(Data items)
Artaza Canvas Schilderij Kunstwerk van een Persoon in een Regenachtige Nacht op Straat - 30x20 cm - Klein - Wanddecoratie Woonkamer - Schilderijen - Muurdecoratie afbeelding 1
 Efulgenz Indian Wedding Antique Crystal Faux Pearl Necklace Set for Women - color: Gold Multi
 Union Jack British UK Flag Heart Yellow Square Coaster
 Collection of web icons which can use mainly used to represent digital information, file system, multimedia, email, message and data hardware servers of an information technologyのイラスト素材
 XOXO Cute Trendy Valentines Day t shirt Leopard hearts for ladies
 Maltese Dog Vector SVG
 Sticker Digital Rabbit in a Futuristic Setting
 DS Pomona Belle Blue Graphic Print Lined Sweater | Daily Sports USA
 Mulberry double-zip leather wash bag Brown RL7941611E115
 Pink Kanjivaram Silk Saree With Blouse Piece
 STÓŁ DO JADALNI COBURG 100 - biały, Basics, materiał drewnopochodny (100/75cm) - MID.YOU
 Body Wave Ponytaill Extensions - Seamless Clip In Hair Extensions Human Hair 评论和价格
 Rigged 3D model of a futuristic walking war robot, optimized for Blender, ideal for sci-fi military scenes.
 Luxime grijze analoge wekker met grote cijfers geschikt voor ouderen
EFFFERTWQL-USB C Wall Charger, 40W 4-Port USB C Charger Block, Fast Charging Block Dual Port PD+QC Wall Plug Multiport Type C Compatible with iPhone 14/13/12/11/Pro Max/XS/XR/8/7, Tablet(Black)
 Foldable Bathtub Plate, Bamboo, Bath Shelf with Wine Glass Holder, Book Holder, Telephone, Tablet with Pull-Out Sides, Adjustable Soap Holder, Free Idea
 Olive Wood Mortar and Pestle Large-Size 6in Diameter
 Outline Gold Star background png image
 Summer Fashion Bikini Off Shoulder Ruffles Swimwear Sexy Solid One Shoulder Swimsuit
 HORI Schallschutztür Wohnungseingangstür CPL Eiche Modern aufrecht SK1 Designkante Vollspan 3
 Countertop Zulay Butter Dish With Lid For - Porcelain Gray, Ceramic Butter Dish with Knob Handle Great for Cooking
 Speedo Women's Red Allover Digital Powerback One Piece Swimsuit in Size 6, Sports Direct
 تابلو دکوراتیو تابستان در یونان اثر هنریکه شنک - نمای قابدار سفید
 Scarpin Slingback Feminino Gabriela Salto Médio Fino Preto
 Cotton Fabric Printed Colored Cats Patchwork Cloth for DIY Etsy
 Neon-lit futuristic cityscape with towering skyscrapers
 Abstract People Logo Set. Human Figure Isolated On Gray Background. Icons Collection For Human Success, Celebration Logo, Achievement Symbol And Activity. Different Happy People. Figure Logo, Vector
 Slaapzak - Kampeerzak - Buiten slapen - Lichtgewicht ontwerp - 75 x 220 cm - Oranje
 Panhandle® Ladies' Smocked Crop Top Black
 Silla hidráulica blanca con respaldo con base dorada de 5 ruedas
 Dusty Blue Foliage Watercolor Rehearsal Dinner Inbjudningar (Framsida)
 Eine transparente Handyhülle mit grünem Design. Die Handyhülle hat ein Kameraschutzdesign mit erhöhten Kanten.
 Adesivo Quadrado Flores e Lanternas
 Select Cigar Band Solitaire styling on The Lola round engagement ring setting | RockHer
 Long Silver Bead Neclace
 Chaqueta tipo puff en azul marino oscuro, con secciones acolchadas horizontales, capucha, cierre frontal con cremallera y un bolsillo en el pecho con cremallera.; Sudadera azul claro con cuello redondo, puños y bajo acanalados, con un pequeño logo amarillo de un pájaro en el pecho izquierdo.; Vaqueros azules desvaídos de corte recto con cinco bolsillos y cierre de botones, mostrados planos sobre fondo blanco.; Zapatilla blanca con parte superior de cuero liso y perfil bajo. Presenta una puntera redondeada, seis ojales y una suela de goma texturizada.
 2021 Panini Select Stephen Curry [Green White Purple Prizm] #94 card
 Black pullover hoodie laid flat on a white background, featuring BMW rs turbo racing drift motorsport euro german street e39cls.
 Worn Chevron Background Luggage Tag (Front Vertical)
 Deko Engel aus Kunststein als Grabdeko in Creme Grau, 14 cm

PROBLEM TO SOLVE
Find the line with "Summer Fashion Bikini" in the entries above. Retype it and each line after it, exactly, through the line with "Countertop Zulay Butter", and stop there.

RESULT FOR THIS EXERCISE
 Summer Fashion Bikini Off Shoulder Ruffles Swimwear Sexy Solid One Shoulder Swimsuit
 HORI Schallschutztür Wohnungseingangstür CPL Eiche Modern aufrecht SK1 Designkante Vollspan 3
 Countertop Zulay Butter Dish With Lid For - Porcelain Gray, Ceramic Butter Dish with Knob Handle Great for Cooking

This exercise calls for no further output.